Chain-of-Thought Reasoning

For every recommendation, the model is forced through a structured internal [Reasoning] block before generating output:

Requirement Analysis
Constraints Identification
Best Practice Matching
Trade-off Analysis (Cost / Simplicity / Security / Scalability)

This prevents the "commit-then-justify" bias where an LLM picks an answer first and rationalizes it second.

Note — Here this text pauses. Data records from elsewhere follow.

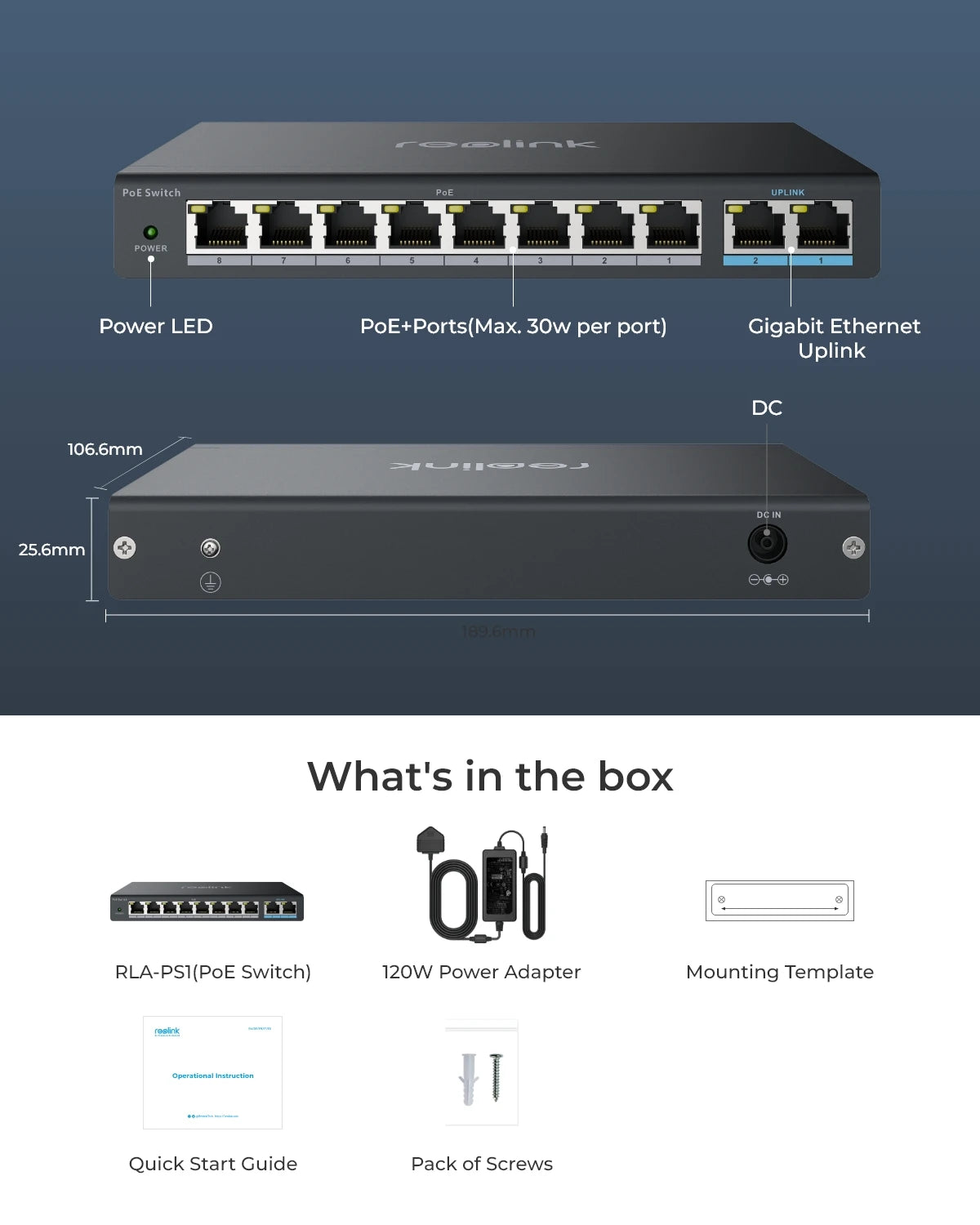 Reolink PoE Switch with 8 PoE Ports 2 Gigabit Uplink Ports 120W Ethernet Switch PoE Injector Power Supply for PoE IP Cameras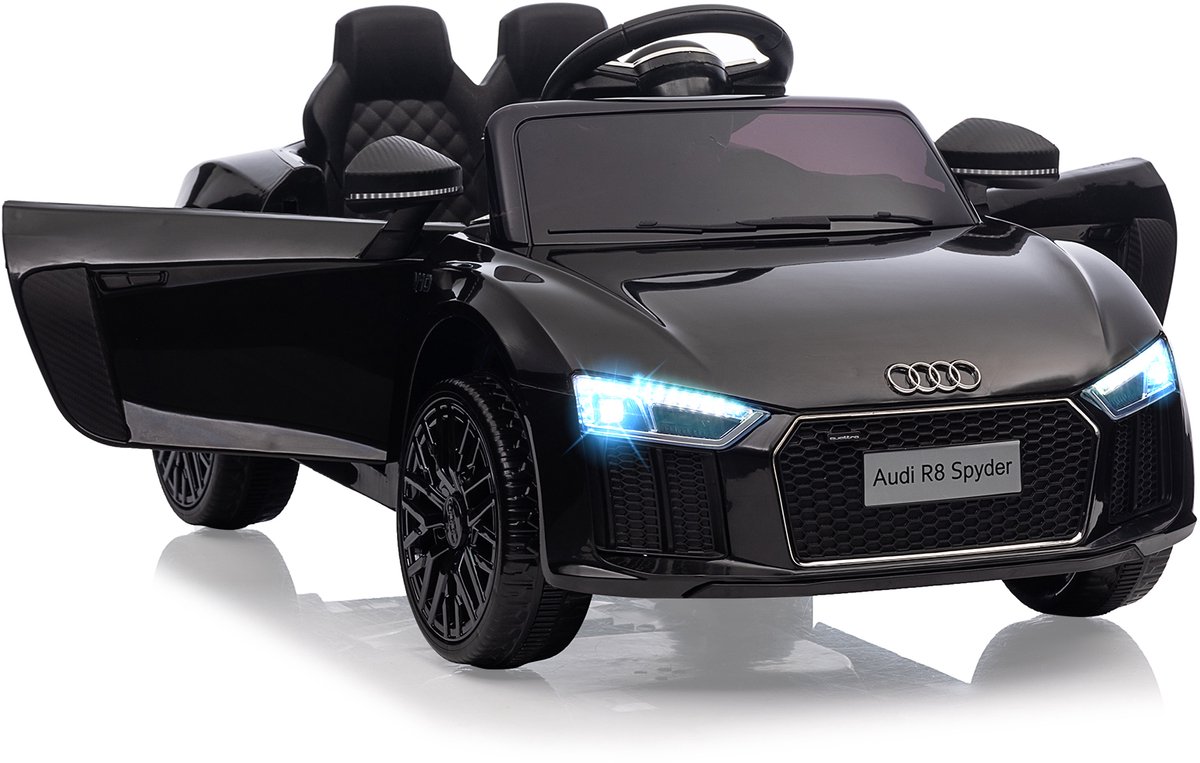 elektrische kinderauto audi r8 6v ride on auto met 2 motoren elektrisch auto voor kinderen met muziek led verlichting afstandsbediening zwart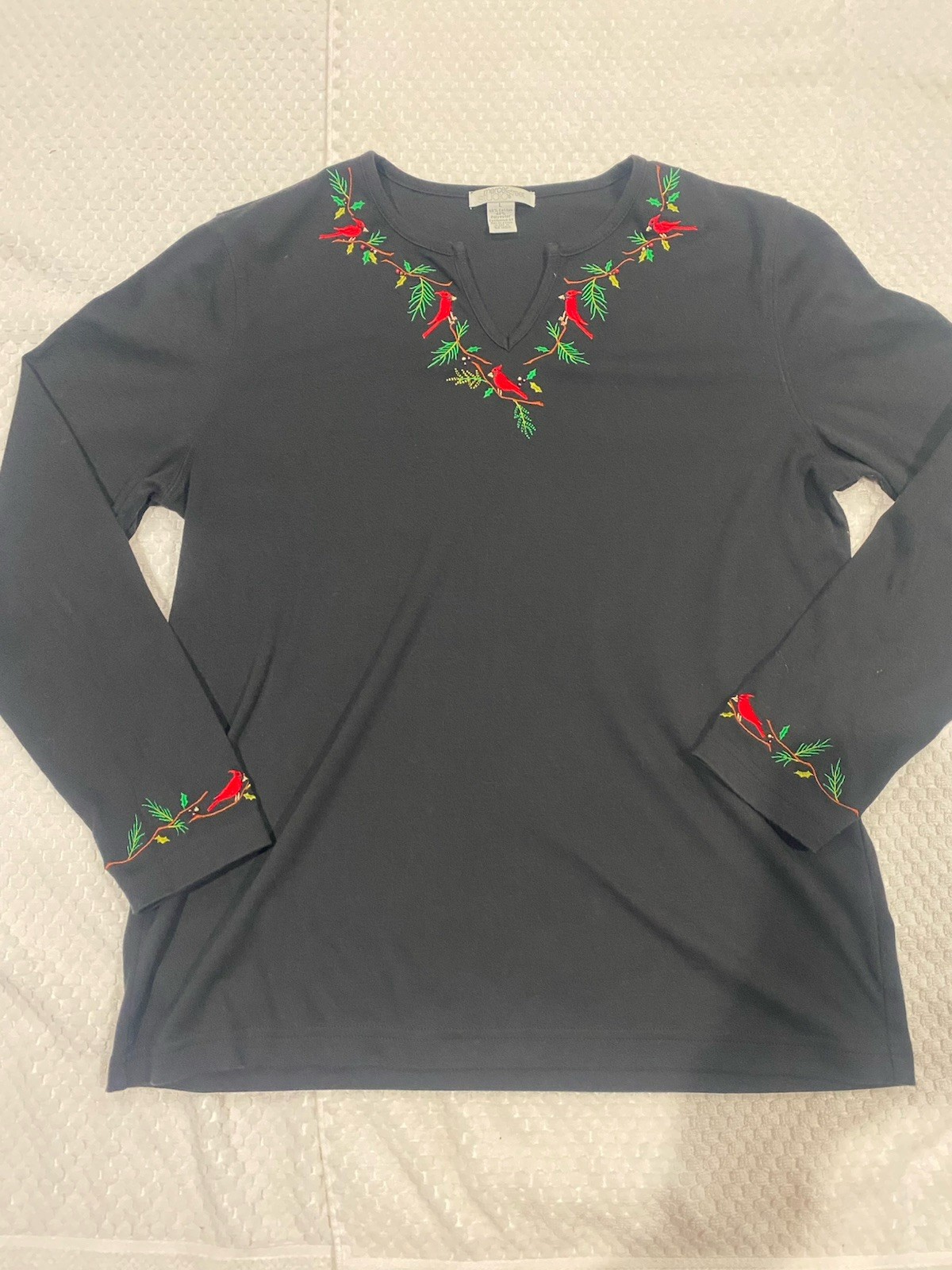 Mercer Street Studio Black Red & Green Embroidery Size L Preowned Excellent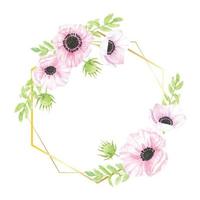 watercolor hand drawn anemone flower bouquet wreath with gold geometric frame for banner collection vector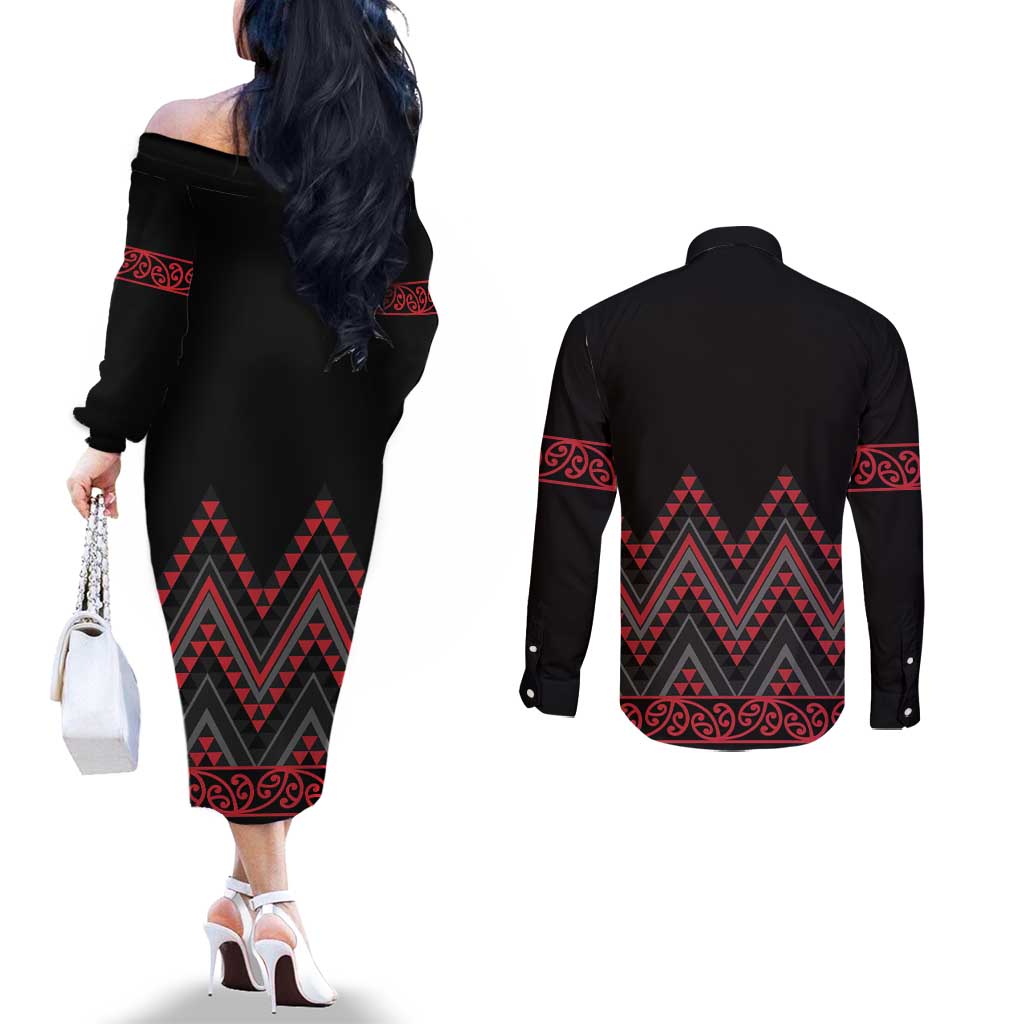 Red Aotearoa Mangopare Kowhaiwhai and Niho Taniwha Couples Matching Off The Shoulder Long Sleeve Dress and Long Sleeve Button Shirt Maori New Zealand LT14 - Polynesian Pride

Terraform Validation Pipeline

graph LR
    A[Session Created] --> B[terraform fmt]
    B --> C[terraform init]
    C --> D[terraform validate]
    D --> E[terraform plan]
    E --> F[terraform show -json]
    F --> G[Discord Report]

Discord Commands

`/cloud-advise`

Get AI-powered cloud infrastructure recommendations.

Parameters:
  use_case        (required) What are you building?
  provider        GCP | AWS | Azure | Any (compare all)
  budget          Low (<$100/mo) | Medium | High (>$1000/mo)
  security_level  Standard | Enhanced | Compliance (HIPAA/GDPR/PCI)
  ai_model        Groq Llama 3.3 | Groq Mixtral | Gemini Pro | Gemini Flash

`/cloud-validate`

Runs the full Terraform validation pipeline against a session's generated configuration.

`/cloud-deploy`

Generates Terraform code from an advisory session and creates a deployment session ID.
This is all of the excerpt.